Jakarta (ANTARA) - The National Research and Innovation Agency (BRIN) researcher Binov Handitya highlighted the importance of local wisdom as a consideration for inclusion in forestry governance, especially for communities that have lived a long time around forests.

During an online discussion from Jakarta, Wednesday, Handitya stated that the relation between forest protection and local wisdom can be found in the portrait of the ecological behavior of indigenous people, who have lived for centuries around the forest.

"Local communities have their own way of taking better care of the land and natural resources because they have a kind of religious attachment to the forest," he remarked.

Ancestral values and ethics included in local wisdom encompass how humans should treat nature and relate to nature that has existed for a long time.

"Local communities are expected to be the main maintenance agents in terms of biodiversity and forest conservation," he noted.

On the same occasion, Subarudi from the BRIN Population Research Center stated that a lot of local wisdom is taken into consideration in forest management, for instance, local wisdom regarding durian in Kalimantan.

He explained that community participation in forest governance has also been encouraged by the government through the Ministry of Environment and Forestry (KLHK) through social forestry schemes.

Social forestry is divided into five types: village forests, community forests, community plantation forests, customary forests, and forest partnerships.

He remarked that recognition of customary forests in social forestry could still run more optimally, with data from KLHK in the 2016-2023 period that 244,195 hectares of customary forests were recognized to be spread across 18 provinces and 40 cities and districts.
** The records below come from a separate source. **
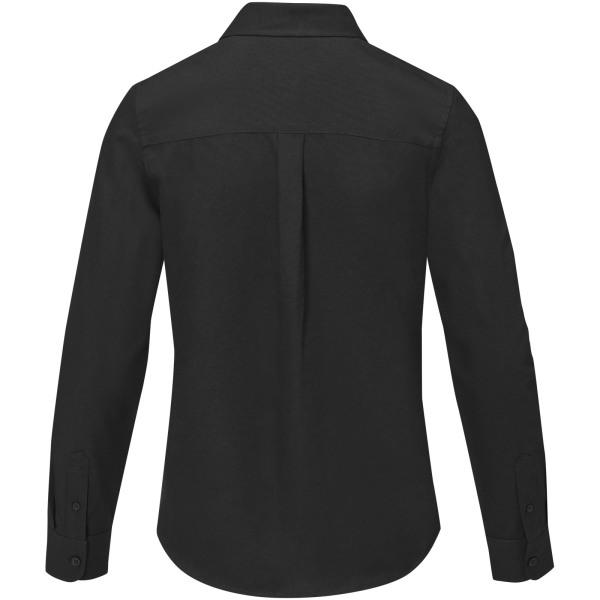 Pollux long sleeve women's shirt - Solid black - XS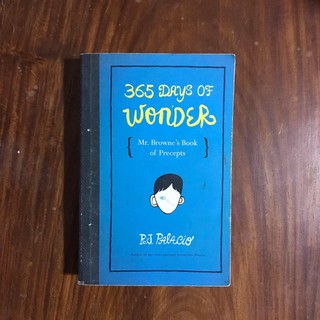Preloved book - 365 days of wonder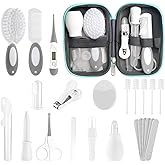Baby Healthcare and Grooming Kit for Newborn Kids, 24PCS Upgraded Safety Baby Care Kit, Newborn Nursery Health Care Set, Baby Care Product (Grey White)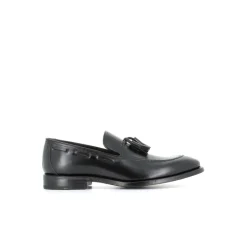 Mocassin Noir avec Pompon
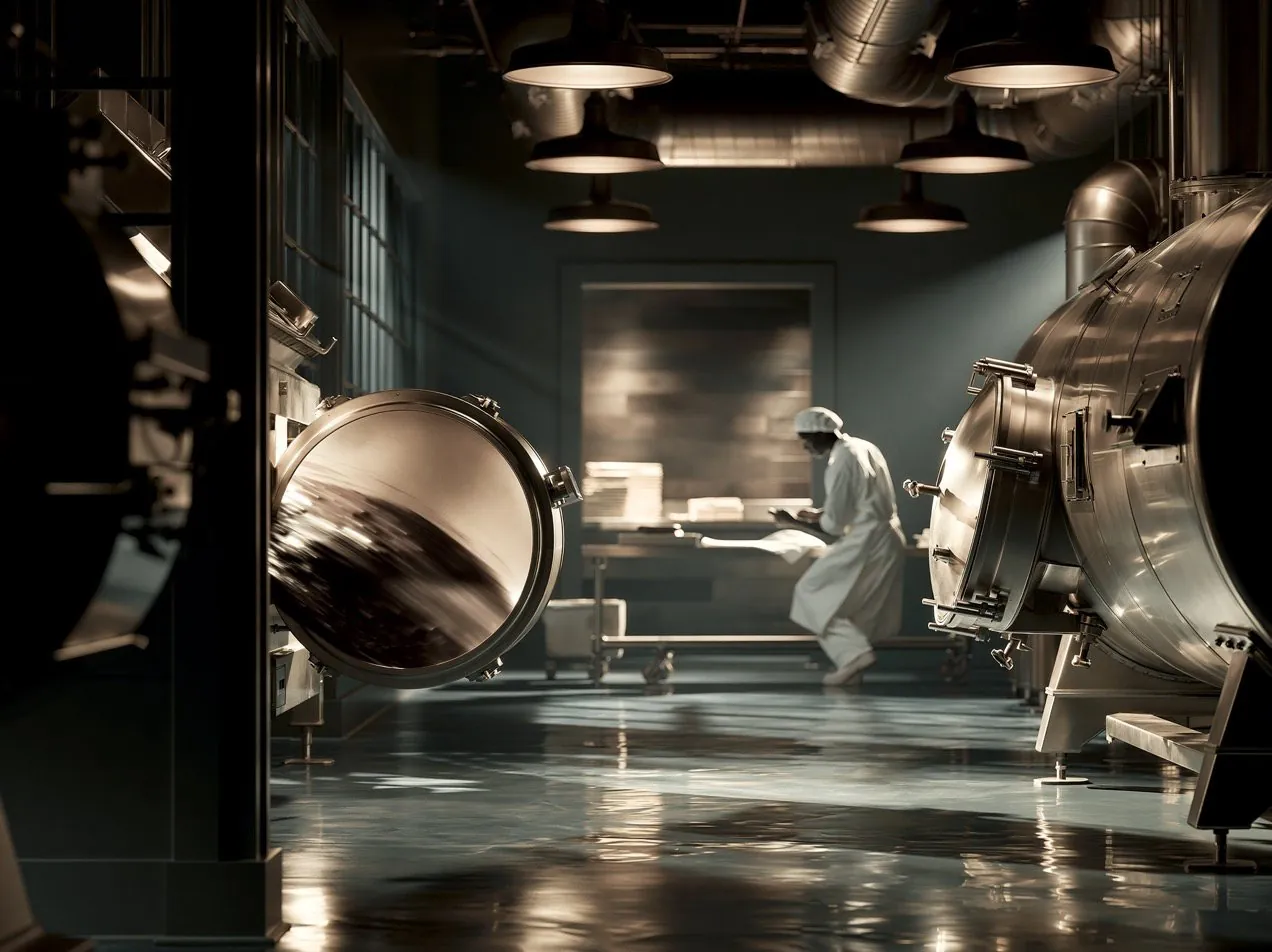 Concept render of chocolate manufacturing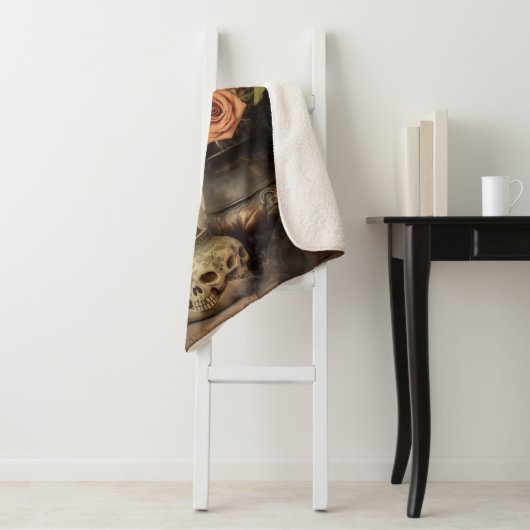  Halloween Witchcraft (4) Sherpa Deken (In situ)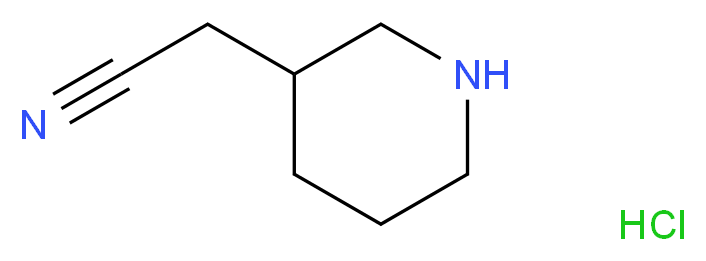 2-(piperidin-3-yl)acetonitrile hydrochloride_分子结构_CAS_5562-23-2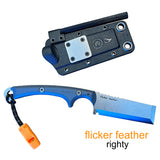 Outdoor Element Flicker Feather Survival EDC Chisel Blade, view 5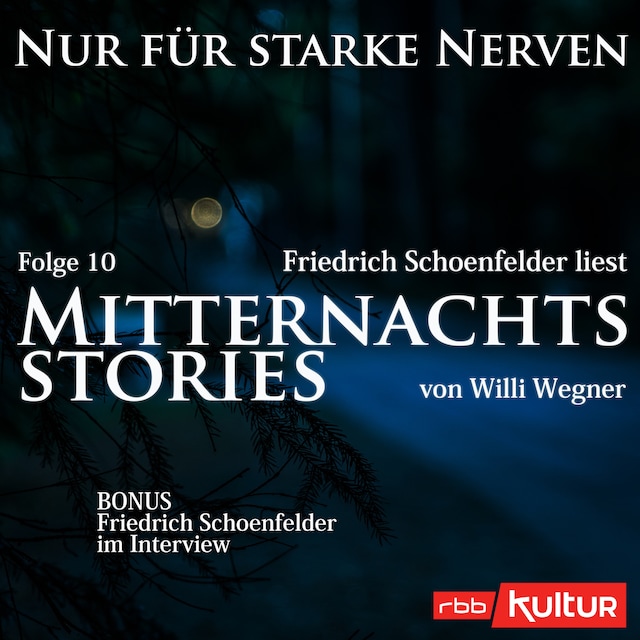 Buchcover für Mitternachtsstories von Willi Wegner - Nur für starke Nerven, Folge 10 (Ungekürzt)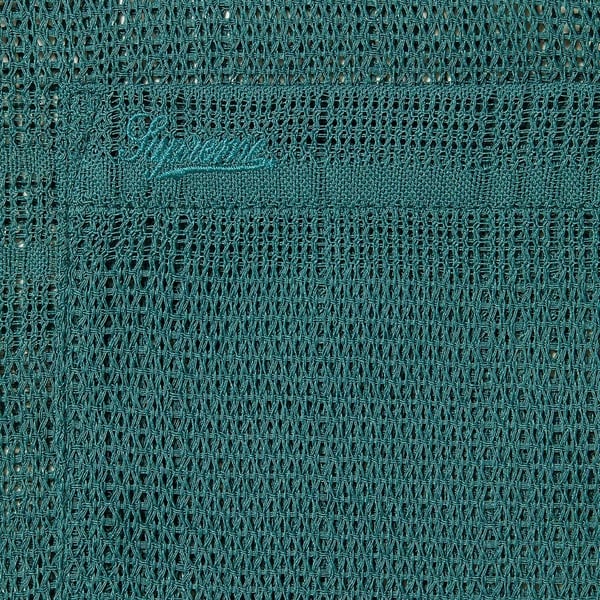 Supreme Mesh Stripe S/S Shirt - Green (front)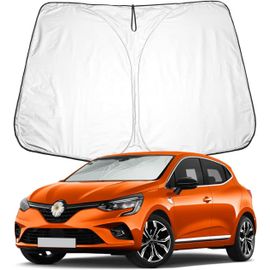 Clio 4 2024 Protection Solaire Compatible Avec Renault Clio 5 2020 2021 2022 2023 2024 Pare-Br Pour Avant De Voiture Protection Contre Le Vent Pare-Soleil Avant Protection Solai[Car4215539]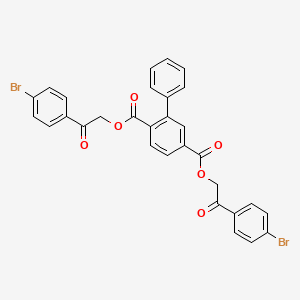 Bis[2-(4-bromophenyl)-2-oxoethyl] biphenyl-2,5-dicarboxylate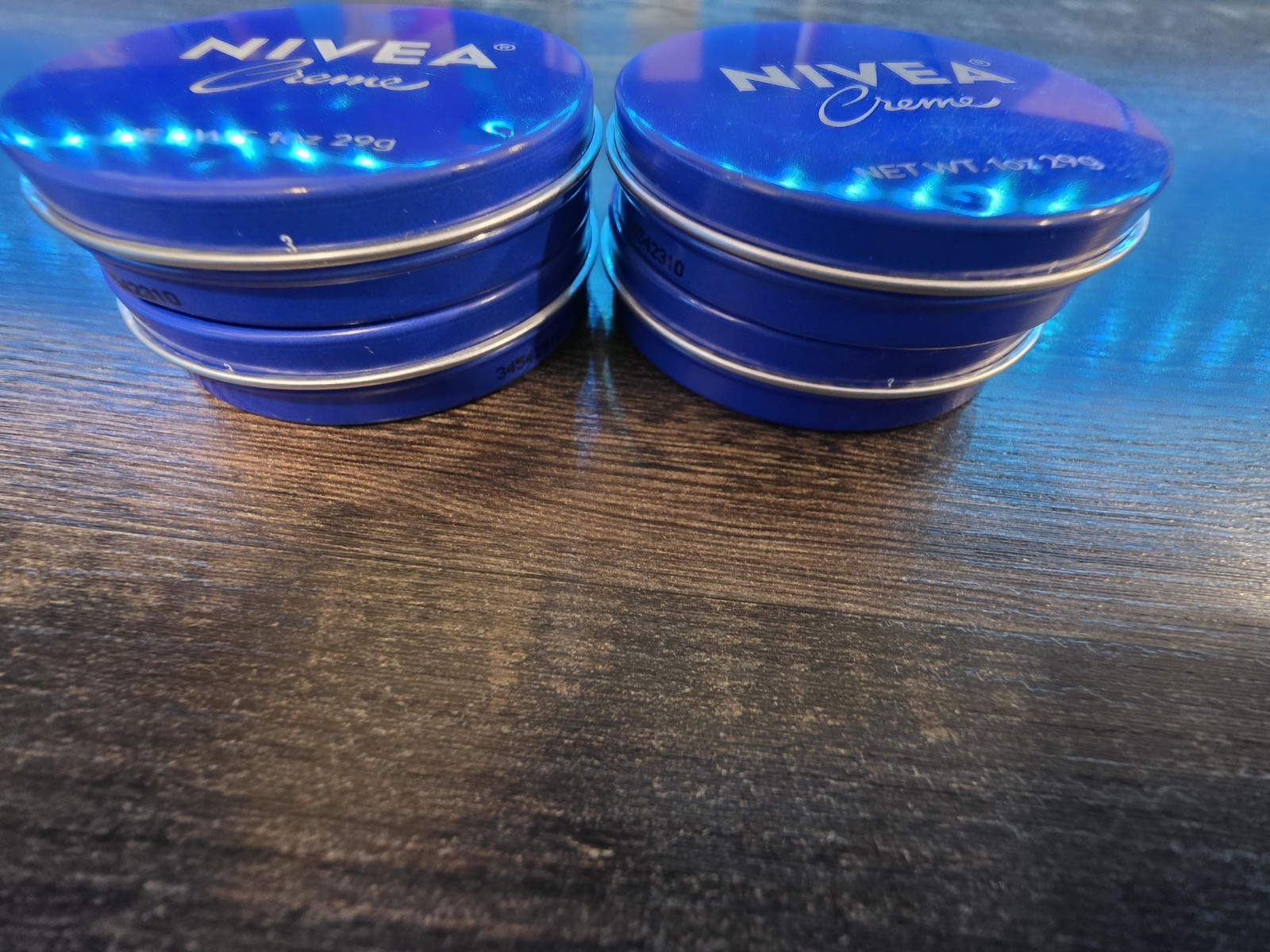 4 Pack Nivea Moisturizing Skin Cream Travel Size for Hand Body Face, 1 oz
The area is beyond the recognition of customary areas by the regional government.

According to the non-governmental organization, the Customary Area Registration Agency (BRWA), the potential area of customary forests is 1.3 million hectares for Sumatra Island, 8.4 million hectares in Kalimantan, 1.2 million hectares in Sulawesi, and 271 thousand hectares in Java, Bali, and Nusa Tenggara.

Meanwhile, in Maluku, it has the potential to cover 199 thousand hectares and 11.3 million hectares in Papua.

"Regulations are expensive if one by one (determines) customary forests. I have previously suggested that just check how many customary forests there are in one regional regulation," he stated.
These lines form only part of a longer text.